It may seem odd to join the name of Lincoln with a southern writer who lived a century later in a house adjacent to the mansion where the Confederate governor of Georgia once resided. What ties the two, I think, is that both insisted that the powers that be must be held—and must ultimately hold themselves—to a more complex system of accounts. They must not be allowed to reduce human progress to a simplistic measure that obliterates all other dimensions of human value and obscures the nuanced ways those values find expression in local contexts. Without shunning progress entirely—indeed, both Lincoln and O’Connor embraced it as an irresistible and in many respects salutary phenomenon—they looked to complicate its course, to stem its tide and direct its force in ways that served a larger purpose than its own ends.

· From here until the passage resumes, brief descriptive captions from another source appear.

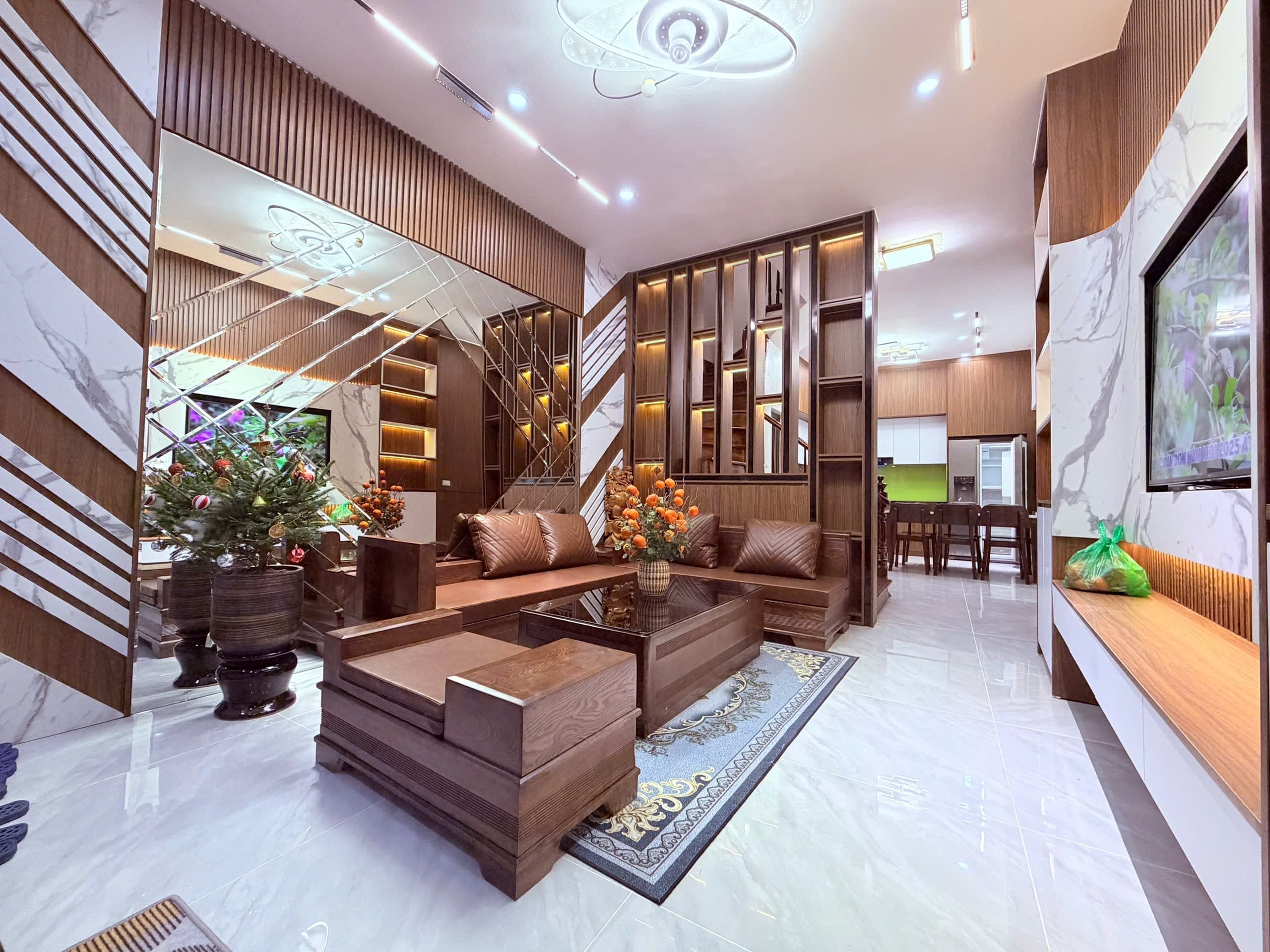 Nhà đất mặt phố, Cầu Giấy, Hà Nội - 37m² giá 10.89 tỷ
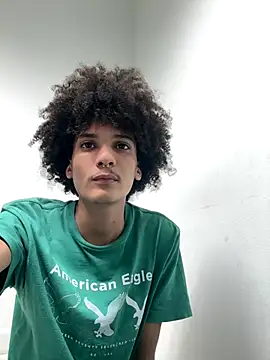 Max Rain online show from 11.05.25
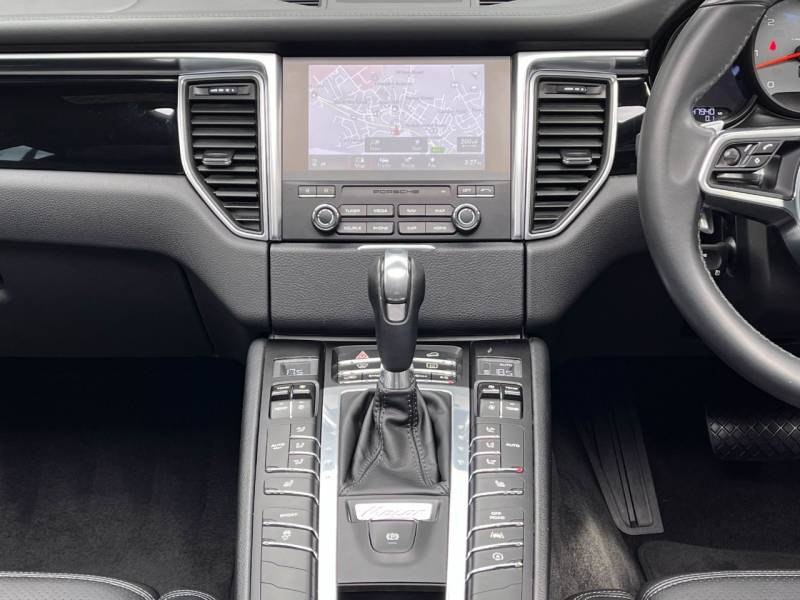 Porsche Macan   Registered:2017(17)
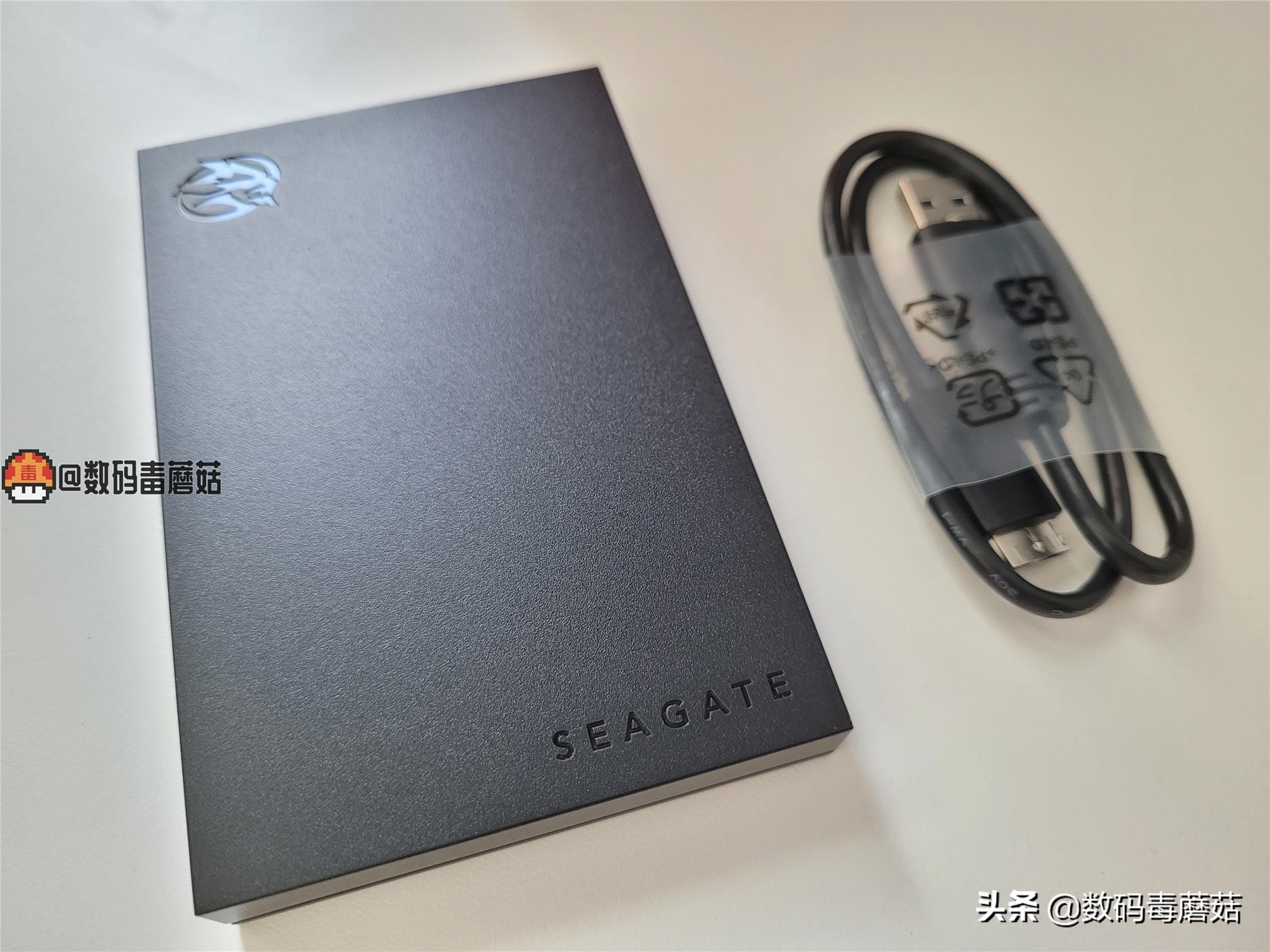 希捷新睿品2.5移动硬盘,希捷酷玩混合硬盘3.5都是翻新的吗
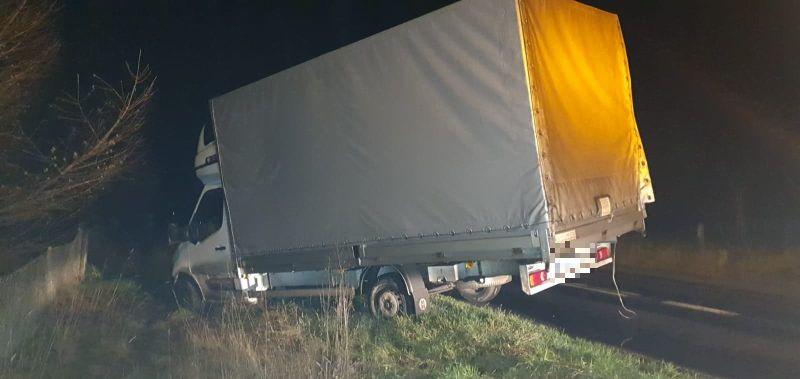 Nietrzeźwy kierowca wypadł z drogi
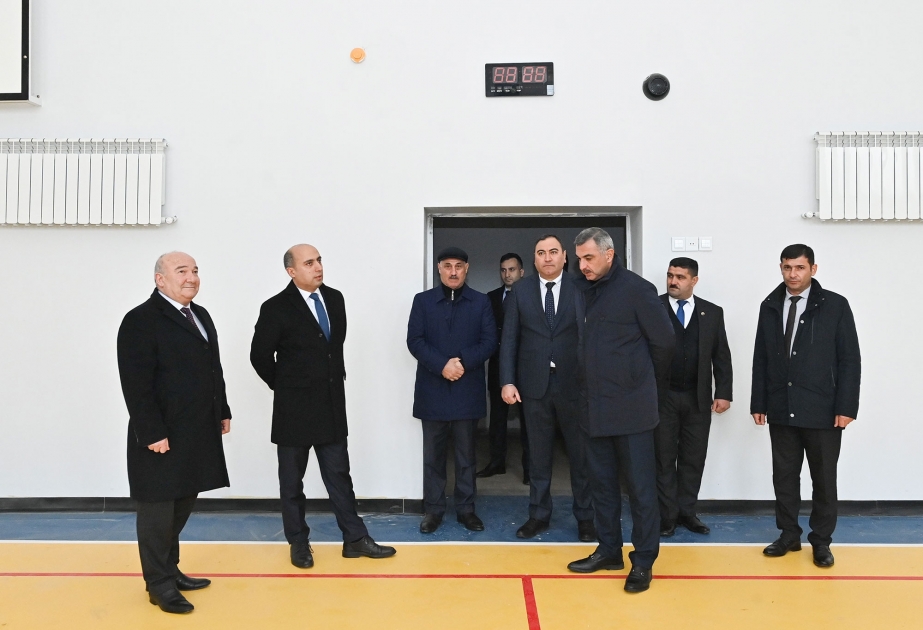 Emin Əmrullayev Beyləqanda təmir edilən məktəbdə olub
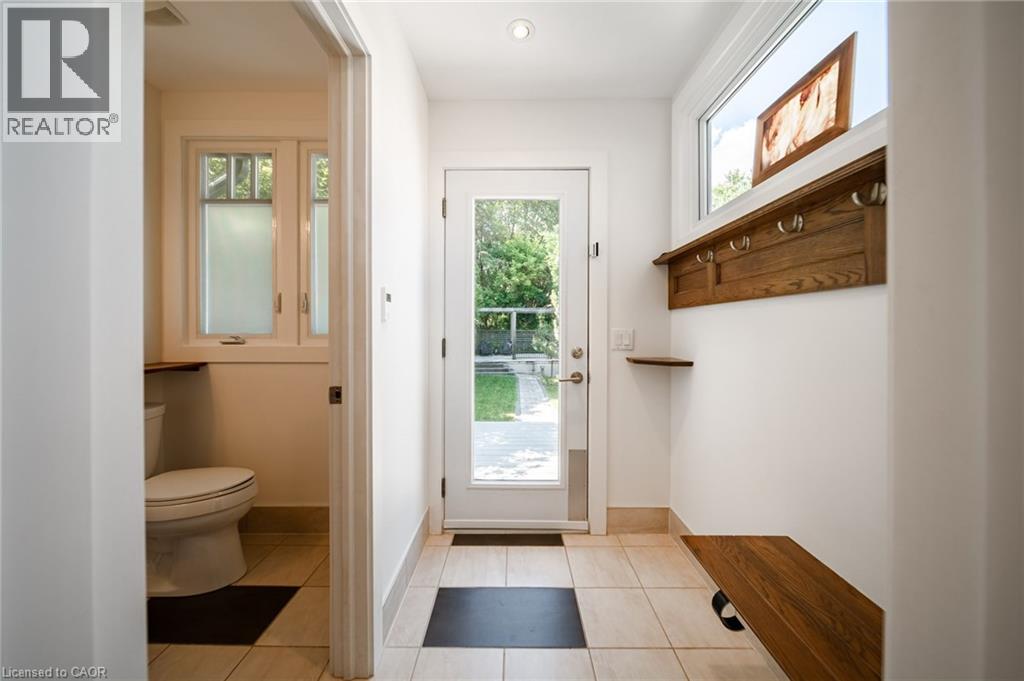 225 Oakmount Road, Toronto, Ontario  M6P 3K3 - Photo 21 - 40842551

Such are my stories, anyway—and I stand by them.

So, how have I come by these stories?

In certain respects, the answer is personal and idiosyncratic. (I will spare you the details.29) Yet whatever their roots in my own peculiar interests and experiences, I am absolutely certain that these brief interpretative narratives would never have come together in this fashion, or come into being at all, without my having been associated with SHOT and the history of technology.

I first encountered this intellectual community in the late seventies, when a part-time instructor at UC San Diego assigned a book containing essays from Technology and Culture—the T&C of the Mel Kranzberg era. It included the likes of Peter Drucker and Lewis Mumford, whose ideas I lapped up with the enthusiasm of a new convert. But the piece that really caught my fancy was—brace yourself—John Burke’s “Bursting Boilers and the Federal Power.”30 That one got in me and has never got out. (A technical challenge, which compels a rearrangement of governance structures along federal lines—you can see the appeal.)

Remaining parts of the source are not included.